— Task item —
Omit all pictures, then repeat the listing exactly.

— Available data —
◇ ◇ ◇ ◇ ◇ ◇ ◇
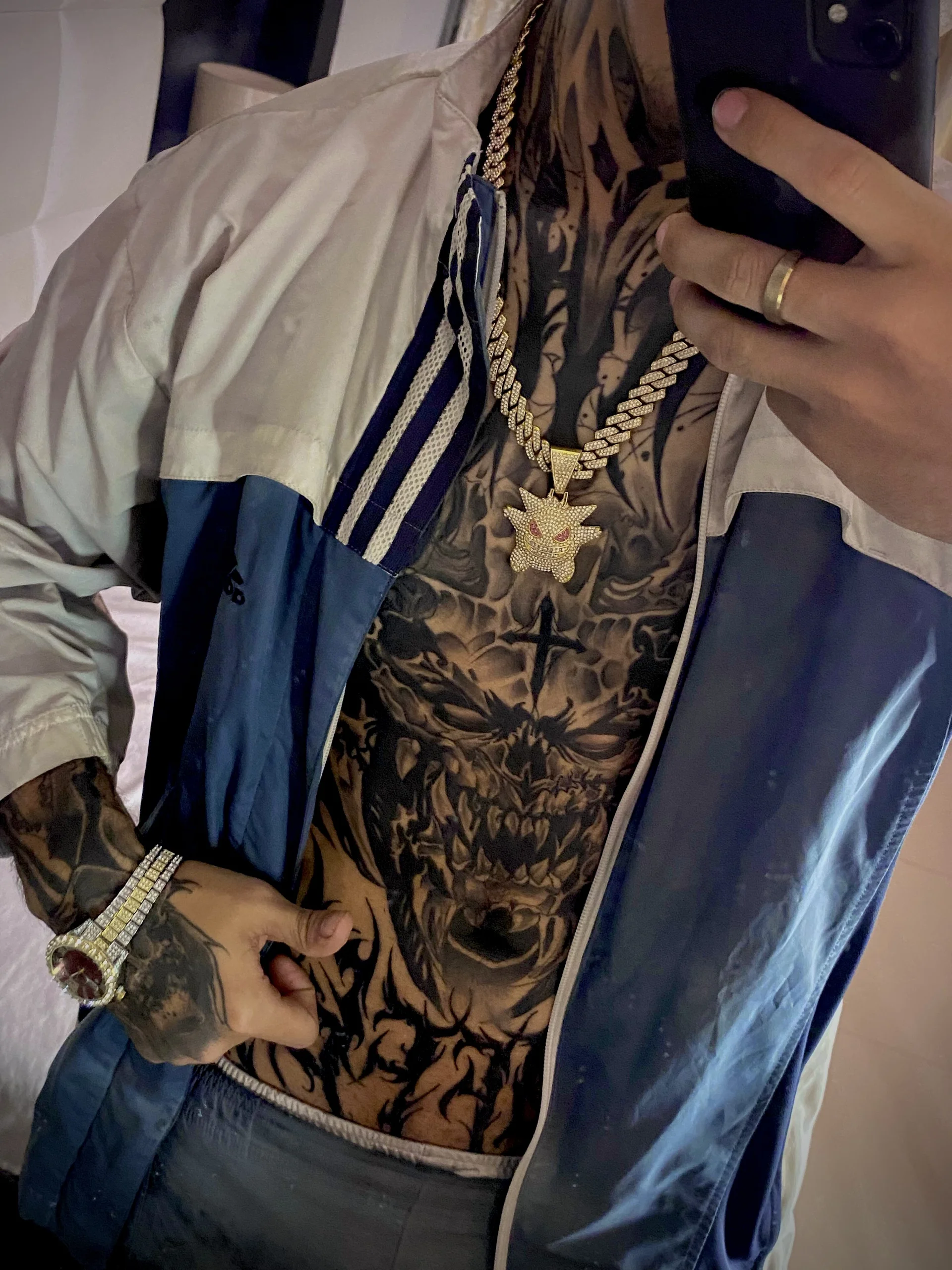 XXX Porn Photo of Nude JAXXXONHERD 8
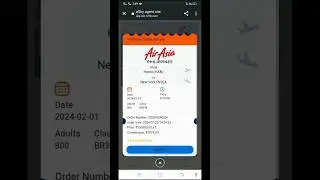 Esky ticket booking scam || 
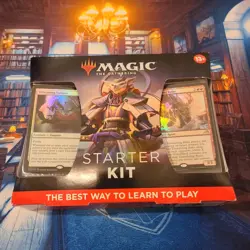 Starter Kit Magic the Gathering Starter Decks Sealed - Image 1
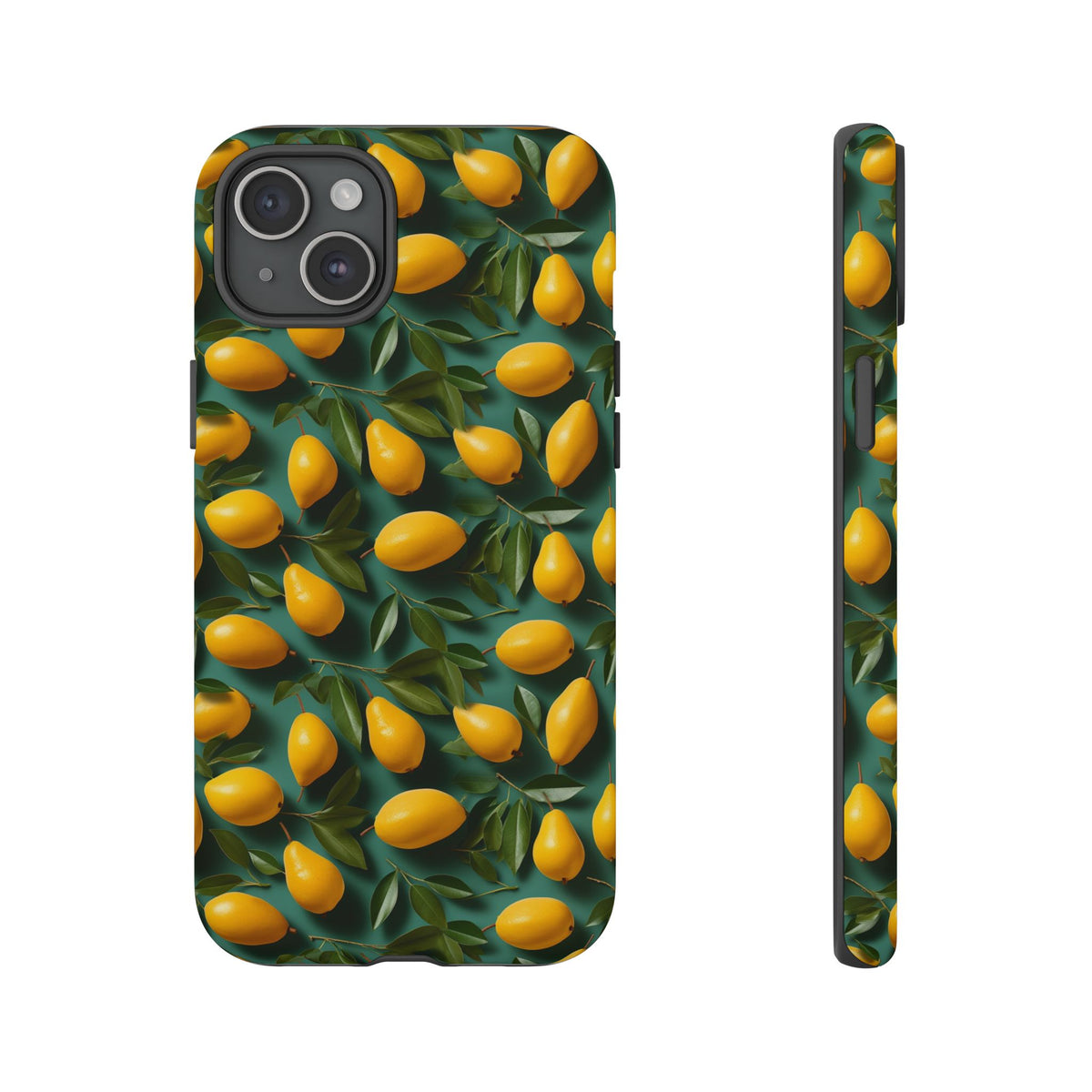 Fruit Pattern Phone Case – Vibrant & Fun Design for Your Smartphone 943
◇ ◇ ◇ ◇ ◇ ◇ ◇
— Task answer —
 XXX Porn Photo of Nude JAXXXONHERD 8
 Esky ticket booking scam || 
 Starter Kit Magic the Gathering Starter Decks Sealed - Image 1
 Fruit Pattern Phone Case – Vibrant & Fun Design for Your Smartphone 943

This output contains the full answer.